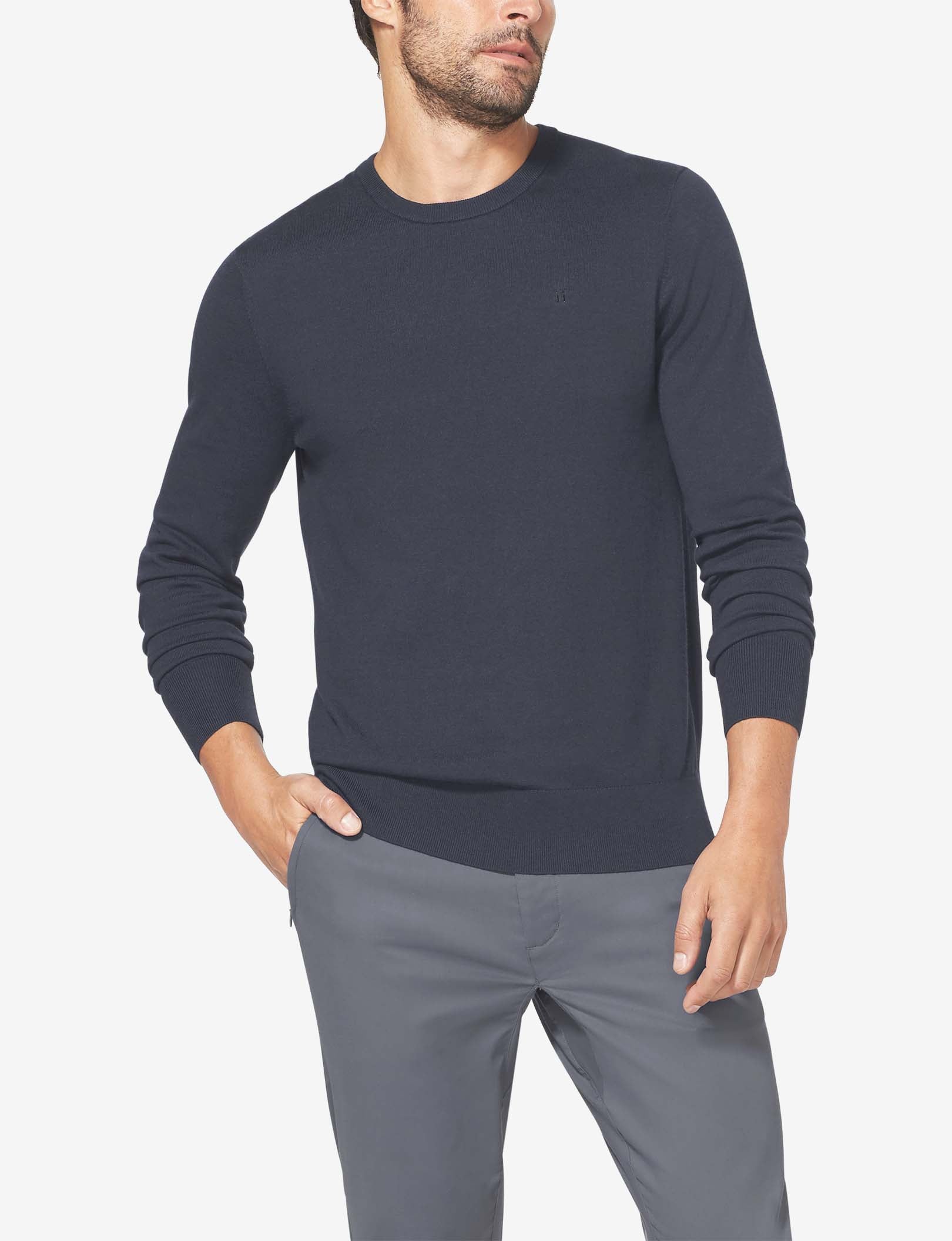 Second Skin Crew Neck Knit Sweater::Night Sky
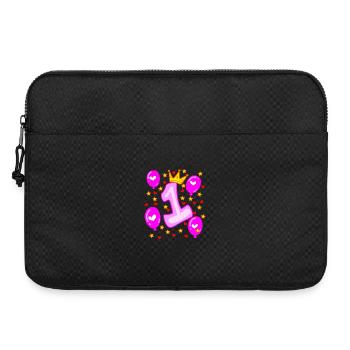 1er anniversaire Fille Ballons Crown Stars - Sacoche pour ordinateur portable 15 pouces - noir - Devant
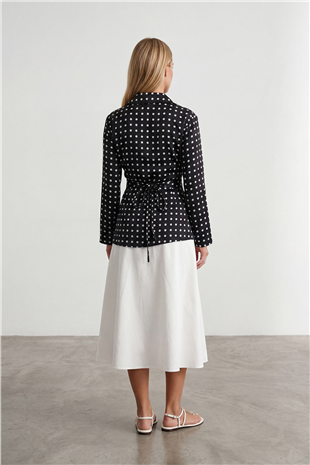 Kadın Siyah Puantiyeli Çapraz Bağlama Detaylı Sofia Keten Gömlek Alc-X15471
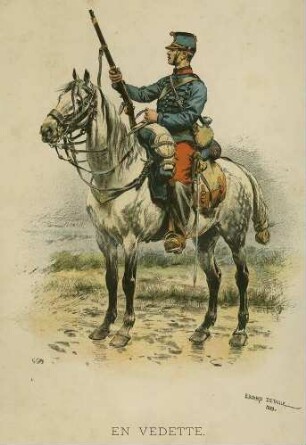 Auf Vorposten: franz. Reitersoldat des Kavallerie-Regiments Nr. 12 in Uniform, Mütze mit Feldausrüstung, Gewehr aufgestützt, in Profil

======

▶ [What to produce] Leave out the pictures and give the listing above again exactly.

▶ [Exercise answer]
 Second Skin Crew Neck Knit Sweater::Night Sky
 1er anniversaire Fille Ballons Crown Stars - Sacoche pour ordinateur portable 15 pouces - noir - Devant
 Kadın Siyah Puantiyeli Çapraz Bağlama Detaylı Sofia Keten Gömlek Alc-X15471
 Auf Vorposten: franz. Reitersoldat des Kavallerie-Regiments Nr. 12 in Uniform, Mütze mit Feldausrüstung, Gewehr aufgestützt, in Profil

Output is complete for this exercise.